▶ _Records from a collection_
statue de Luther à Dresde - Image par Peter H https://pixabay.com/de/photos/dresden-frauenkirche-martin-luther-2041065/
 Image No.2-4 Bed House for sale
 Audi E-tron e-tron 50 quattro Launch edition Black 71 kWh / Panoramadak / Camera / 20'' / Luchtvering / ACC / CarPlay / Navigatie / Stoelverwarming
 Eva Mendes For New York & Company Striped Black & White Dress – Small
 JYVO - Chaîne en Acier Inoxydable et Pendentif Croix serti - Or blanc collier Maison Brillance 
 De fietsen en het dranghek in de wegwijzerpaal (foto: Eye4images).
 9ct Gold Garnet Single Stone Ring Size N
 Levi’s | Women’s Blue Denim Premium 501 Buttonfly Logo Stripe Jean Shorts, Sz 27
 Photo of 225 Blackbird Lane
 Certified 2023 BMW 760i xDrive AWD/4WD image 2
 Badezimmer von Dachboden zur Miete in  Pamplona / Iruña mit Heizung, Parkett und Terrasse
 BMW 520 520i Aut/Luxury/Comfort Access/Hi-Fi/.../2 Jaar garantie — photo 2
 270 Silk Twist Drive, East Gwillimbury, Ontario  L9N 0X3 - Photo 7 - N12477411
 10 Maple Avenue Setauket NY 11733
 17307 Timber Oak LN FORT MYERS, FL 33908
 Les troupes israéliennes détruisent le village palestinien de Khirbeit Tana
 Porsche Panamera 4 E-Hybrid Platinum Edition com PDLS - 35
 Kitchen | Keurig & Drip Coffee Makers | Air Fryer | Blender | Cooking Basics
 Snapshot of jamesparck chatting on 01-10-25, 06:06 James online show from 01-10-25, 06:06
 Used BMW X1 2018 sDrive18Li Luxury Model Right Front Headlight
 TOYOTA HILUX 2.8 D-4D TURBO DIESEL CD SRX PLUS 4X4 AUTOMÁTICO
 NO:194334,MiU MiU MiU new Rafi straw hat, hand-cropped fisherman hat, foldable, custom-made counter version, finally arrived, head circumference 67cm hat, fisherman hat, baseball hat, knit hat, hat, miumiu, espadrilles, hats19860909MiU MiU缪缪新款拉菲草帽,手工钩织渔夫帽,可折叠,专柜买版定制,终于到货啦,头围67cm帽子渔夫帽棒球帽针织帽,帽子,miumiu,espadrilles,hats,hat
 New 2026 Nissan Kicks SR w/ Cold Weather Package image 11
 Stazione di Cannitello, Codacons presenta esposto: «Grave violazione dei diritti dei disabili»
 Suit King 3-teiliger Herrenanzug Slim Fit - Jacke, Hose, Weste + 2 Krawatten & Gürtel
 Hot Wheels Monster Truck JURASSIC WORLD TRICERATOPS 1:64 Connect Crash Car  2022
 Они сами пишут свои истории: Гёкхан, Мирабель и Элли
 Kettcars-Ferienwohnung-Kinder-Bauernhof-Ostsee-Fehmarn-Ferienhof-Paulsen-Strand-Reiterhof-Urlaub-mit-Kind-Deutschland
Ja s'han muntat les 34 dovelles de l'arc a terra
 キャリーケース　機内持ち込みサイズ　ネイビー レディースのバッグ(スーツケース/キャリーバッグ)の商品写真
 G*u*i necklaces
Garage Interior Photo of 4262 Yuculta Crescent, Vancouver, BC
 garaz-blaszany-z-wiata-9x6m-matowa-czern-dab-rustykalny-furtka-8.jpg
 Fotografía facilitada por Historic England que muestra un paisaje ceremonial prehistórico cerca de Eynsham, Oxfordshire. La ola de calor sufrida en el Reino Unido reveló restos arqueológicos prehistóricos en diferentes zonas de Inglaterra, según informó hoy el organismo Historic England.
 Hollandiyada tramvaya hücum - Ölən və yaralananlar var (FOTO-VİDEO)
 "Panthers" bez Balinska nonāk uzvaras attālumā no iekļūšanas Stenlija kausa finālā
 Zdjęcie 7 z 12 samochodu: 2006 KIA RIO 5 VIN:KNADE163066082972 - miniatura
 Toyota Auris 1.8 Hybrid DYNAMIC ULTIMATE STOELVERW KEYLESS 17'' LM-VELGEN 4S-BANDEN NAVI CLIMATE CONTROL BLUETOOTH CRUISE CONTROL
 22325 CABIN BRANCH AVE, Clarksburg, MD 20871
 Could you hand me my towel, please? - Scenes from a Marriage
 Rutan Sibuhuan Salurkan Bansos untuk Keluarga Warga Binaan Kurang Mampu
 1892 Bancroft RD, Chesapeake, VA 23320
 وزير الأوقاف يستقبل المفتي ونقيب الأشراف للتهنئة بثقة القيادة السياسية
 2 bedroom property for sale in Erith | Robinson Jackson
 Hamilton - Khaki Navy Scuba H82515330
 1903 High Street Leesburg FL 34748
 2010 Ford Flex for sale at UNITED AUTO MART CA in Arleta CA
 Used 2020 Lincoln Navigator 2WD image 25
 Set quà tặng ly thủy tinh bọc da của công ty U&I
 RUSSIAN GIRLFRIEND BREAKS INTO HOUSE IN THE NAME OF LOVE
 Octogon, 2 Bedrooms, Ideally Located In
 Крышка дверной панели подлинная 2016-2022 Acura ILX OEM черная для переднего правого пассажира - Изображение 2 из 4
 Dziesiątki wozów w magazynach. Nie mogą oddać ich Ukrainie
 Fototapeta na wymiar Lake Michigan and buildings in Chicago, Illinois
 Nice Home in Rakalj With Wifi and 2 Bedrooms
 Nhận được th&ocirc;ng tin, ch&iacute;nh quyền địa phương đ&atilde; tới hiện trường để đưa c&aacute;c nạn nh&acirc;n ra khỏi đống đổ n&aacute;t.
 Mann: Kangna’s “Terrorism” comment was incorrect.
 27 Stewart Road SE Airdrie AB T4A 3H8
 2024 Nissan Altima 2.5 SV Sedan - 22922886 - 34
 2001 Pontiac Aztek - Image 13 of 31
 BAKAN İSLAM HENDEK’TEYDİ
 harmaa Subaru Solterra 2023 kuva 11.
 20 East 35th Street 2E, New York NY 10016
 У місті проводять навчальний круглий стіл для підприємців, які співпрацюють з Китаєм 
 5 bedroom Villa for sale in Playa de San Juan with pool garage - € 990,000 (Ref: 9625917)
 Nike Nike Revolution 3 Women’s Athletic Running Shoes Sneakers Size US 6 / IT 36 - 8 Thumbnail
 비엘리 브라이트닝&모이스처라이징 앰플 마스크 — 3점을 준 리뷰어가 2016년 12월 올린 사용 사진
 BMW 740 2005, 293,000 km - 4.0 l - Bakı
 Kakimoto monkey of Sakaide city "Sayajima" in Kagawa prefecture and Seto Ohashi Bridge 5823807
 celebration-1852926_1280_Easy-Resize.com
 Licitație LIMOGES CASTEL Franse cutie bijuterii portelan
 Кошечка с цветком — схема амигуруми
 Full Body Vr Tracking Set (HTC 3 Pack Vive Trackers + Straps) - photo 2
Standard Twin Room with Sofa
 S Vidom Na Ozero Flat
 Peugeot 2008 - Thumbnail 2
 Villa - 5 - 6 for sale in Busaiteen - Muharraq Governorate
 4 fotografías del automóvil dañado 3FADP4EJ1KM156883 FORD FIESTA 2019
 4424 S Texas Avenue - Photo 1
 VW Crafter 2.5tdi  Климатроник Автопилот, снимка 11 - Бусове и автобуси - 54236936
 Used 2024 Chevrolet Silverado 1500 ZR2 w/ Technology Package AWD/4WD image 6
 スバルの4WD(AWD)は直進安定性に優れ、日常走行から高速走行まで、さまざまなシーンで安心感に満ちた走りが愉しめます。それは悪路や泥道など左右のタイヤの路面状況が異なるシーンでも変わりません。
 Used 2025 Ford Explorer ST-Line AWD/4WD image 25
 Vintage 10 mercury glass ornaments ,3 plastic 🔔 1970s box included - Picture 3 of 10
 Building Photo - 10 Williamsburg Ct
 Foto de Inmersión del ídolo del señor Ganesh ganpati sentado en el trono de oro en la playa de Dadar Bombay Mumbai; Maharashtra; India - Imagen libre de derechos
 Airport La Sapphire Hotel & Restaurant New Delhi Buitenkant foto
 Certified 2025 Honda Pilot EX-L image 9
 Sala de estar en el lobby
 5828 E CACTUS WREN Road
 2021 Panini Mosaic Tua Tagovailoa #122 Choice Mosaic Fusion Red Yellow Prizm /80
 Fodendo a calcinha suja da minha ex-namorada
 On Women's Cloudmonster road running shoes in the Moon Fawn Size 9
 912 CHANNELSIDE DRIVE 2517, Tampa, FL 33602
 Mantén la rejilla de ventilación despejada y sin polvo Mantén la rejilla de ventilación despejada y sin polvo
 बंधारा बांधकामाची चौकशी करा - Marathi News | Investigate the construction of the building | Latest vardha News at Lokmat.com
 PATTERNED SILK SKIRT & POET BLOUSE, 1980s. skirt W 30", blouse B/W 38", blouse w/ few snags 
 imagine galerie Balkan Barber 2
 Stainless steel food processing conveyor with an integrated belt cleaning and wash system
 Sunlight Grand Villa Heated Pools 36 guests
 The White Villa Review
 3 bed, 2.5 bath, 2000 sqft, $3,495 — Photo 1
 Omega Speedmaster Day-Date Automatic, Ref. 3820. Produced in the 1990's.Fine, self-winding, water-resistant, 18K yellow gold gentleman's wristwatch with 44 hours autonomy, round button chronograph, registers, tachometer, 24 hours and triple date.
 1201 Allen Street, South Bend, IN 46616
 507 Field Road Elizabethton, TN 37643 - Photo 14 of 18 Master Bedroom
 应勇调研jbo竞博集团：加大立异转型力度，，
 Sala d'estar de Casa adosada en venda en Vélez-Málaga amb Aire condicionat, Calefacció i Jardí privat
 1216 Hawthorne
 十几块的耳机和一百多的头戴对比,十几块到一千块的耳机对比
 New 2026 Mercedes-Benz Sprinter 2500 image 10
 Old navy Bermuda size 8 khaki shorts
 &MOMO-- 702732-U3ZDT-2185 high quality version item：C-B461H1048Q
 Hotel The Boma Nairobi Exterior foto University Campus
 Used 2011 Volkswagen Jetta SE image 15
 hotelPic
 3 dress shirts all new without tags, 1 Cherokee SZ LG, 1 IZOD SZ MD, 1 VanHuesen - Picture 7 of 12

▶ _PROBLEM DESCRIPTION_
From the records above, copy out the line with "Stenlija kausa finālā", the line with "BMW 740 2005, 293,000 km - 4.0 l - Bakı", and every line between them, word for word.

▶ _RESULT BELOW_
 "Panthers" bez Balinska nonāk uzvaras attālumā no iekļūšanas Stenlija kausa finālā
 Zdjęcie 7 z 12 samochodu: 2006 KIA RIO 5 VIN:KNADE163066082972 - miniatura
 Toyota Auris 1.8 Hybrid DYNAMIC ULTIMATE STOELVERW KEYLESS 17'' LM-VELGEN 4S-BANDEN NAVI CLIMATE CONTROL BLUETOOTH CRUISE CONTROL
 22325 CABIN BRANCH AVE, Clarksburg, MD 20871
 Could you hand me my towel, please? - Scenes from a Marriage
 Rutan Sibuhuan Salurkan Bansos untuk Keluarga Warga Binaan Kurang Mampu
 1892 Bancroft RD, Chesapeake, VA 23320
 وزير الأوقاف يستقبل المفتي ونقيب الأشراف للتهنئة بثقة القيادة السياسية
 2 bedroom property for sale in Erith | Robinson Jackson
 Hamilton - Khaki Navy Scuba H82515330
 1903 High Street Leesburg FL 34748
 2010 Ford Flex for sale at UNITED AUTO MART CA in Arleta CA
 Used 2020 Lincoln Navigator 2WD image 25
 Set quà tặng ly thủy tinh bọc da của công ty U&I
 RUSSIAN GIRLFRIEND BREAKS INTO HOUSE IN THE NAME OF LOVE
 Octogon, 2 Bedrooms, Ideally Located In
 Крышка дверной панели подлинная 2016-2022 Acura ILX OEM черная для переднего правого пассажира - Изображение 2 из 4
 Dziesiątki wozów w magazynach. Nie mogą oddać ich Ukrainie
 Fototapeta na wymiar Lake Michigan and buildings in Chicago, Illinois
 Nice Home in Rakalj With Wifi and 2 Bedrooms
 Nhận được th&ocirc;ng tin, ch&iacute;nh quyền địa phương đ&atilde; tới hiện trường để đưa c&aacute;c nạn nh&acirc;n ra khỏi đống đổ n&aacute;t.
 Mann: Kangna’s “Terrorism” comment was incorrect.
 27 Stewart Road SE Airdrie AB T4A 3H8
 2024 Nissan Altima 2.5 SV Sedan - 22922886 - 34
 2001 Pontiac Aztek - Image 13 of 31
 BAKAN İSLAM HENDEK’TEYDİ
 harmaa Subaru Solterra 2023 kuva 11.
 20 East 35th Street 2E, New York NY 10016
 У місті проводять навчальний круглий стіл для підприємців, які співпрацюють з Китаєм 
 5 bedroom Villa for sale in Playa de San Juan with pool garage - € 990,000 (Ref: 9625917)
 Nike Nike Revolution 3 Women’s Athletic Running Shoes Sneakers Size US 6 / IT 36 - 8 Thumbnail
 비엘리 브라이트닝&모이스처라이징 앰플 마스크 — 3점을 준 리뷰어가 2016년 12월 올린 사용 사진
 BMW 740 2005, 293,000 km - 4.0 l - Bakı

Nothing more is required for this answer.